Oedipus Rex by Sophocles.

Oedipus and the Sphinx by Jean-Auguste-Dominique Ingres.
Oedipus Rex, or Oedipus the King (Οἰδίπους Τύραννος, 429 B.C.) is, in order of writing, the second of Sophocles' "Oedipus plays", however, in terms of the plays' chronology it is the first and is followed by Oedipus at Colonus (Οἰδίπους ἐπὶ Κολωνῷ, 406 B.C.) then Antigone (Ἀντιγόνη, 441 B.C.). It is the play that gave its name to Sigmund Freud's 'Oedipus Complex', which Freud describes (in The Interpretation of Dreams, 1899:
Being in love with the one parent and hating the other belong to the indispensable stock of psychical impulses being formed at that time which are so important for the later neurosis.
Freud goes on to invoke Oedipus:
I refer to the legend of King Oedipus and the drama of that name by Sophocles. Oedipus, son of Laius, King of Thebes, and Jocasta, is abandoned as an infant because an oracle has proclaimed to his father that his son yet unborn would be his murderer.
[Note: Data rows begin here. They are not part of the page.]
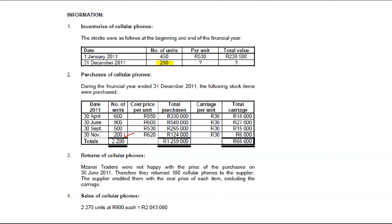We have 280 units and still need 80 more. Because 200 comes from the last purchase, you look at the second last purchase, which is 500 units — we only need 80 of those. If our closing stock were 800, then 200 would come from November, 500 from September, and 100 from June purchases. In this case, I stopped at the September purchases because I only needed 80 units. That is your total cost of purchasing stock.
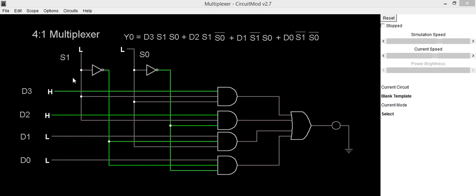Now we will check its output. As we have already mentioned, depending upon the select values which is applied to s0 and s1, one of the input is selected. Suppose we are applying s0 as low and s1 as low, so both input select lines are 0.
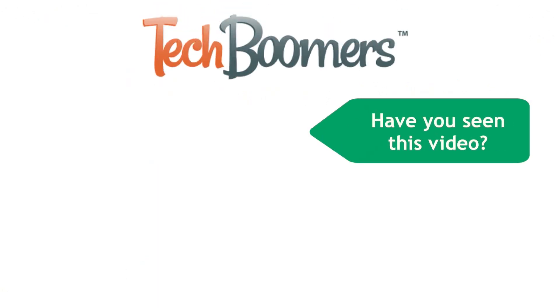If you found this video helpful, we'd love it if you'd hit the thumbs up button below. Check out TechBoomers.com for over 100 free courses on all of today's most popular websites and apps.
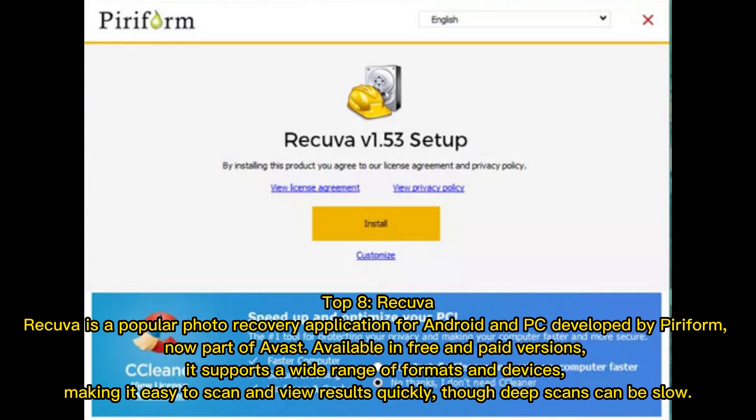Top 8: Recuva. Recuva is a popular photo recovery application for Android and PC developed by Piriform, now part of Avast. Available in free and paid versions, it supports a wide range of formats and devices, making it easy to scan and view results quickly, though deep scans can be slow.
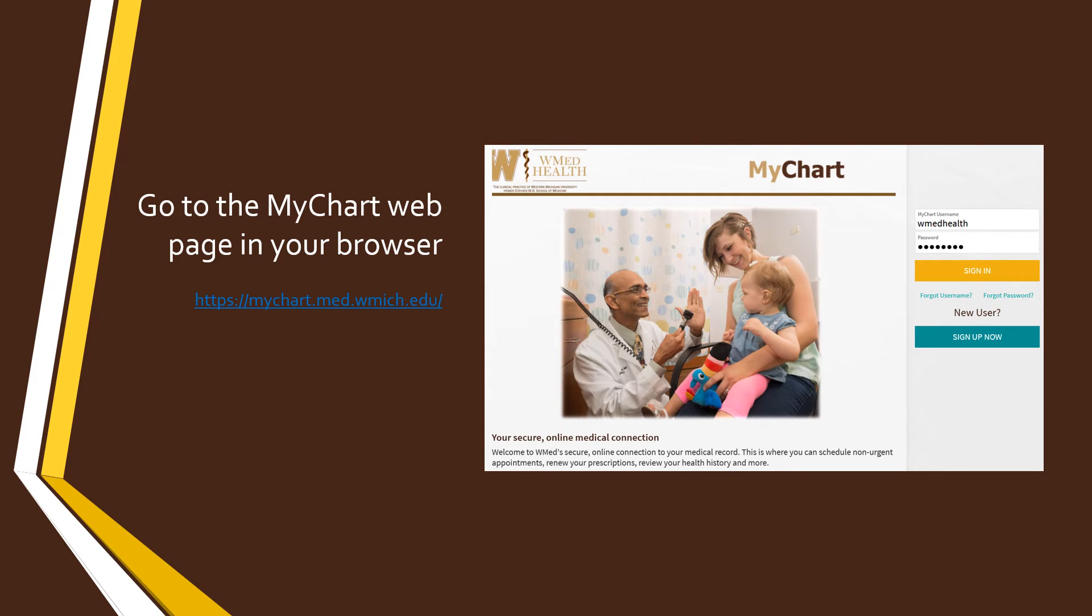Now that you've prepared your computer for your visit, open your web browser and go to your MyChart sign-in page. Use your username and password on the right side to log in.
He is rescued and grows up as a king's son at a foreign court, until he himself consults the oracle about his origins, and received the counsel that he should flee his home city, because he would perforce become his father's murderer and his mother's spouse. On the road from his supposed home city he encounters King Laius and kills him in a sudden quarrel. Then he arrives before Thebes, where he solves the riddle of the Sphinx as she bars his way, and in gratitude he is chosen by the Thebans to be their king and presented with Jocasta's hand in marriage. He reigns long in peace and dignity, and begets two sons and two daughters with his - unbeknown - mother, until a plague breaks out, occasioning fresh questioning of the oracle by the Thebans. At this point Sophocles' tragedy begins.
It begins rather like Shakespeare's Hamlet, "Something is rotten in the State of Denmark" (Act I): in Oedipus, something is rotten in Thebes:
The city, as you see yourself, is now
Storm-tossed, and can no longer raise its head
Above the waves and angry surge of death.
The fruitful blossoms of the land are barren,
The herds upon our pastures, and our wives
In childbirth, barren. Last, and worst of all,
The withering gods of fever swoops on us
To empty Cadmus' city and enrich
Dark Hades with our groans and lamentations...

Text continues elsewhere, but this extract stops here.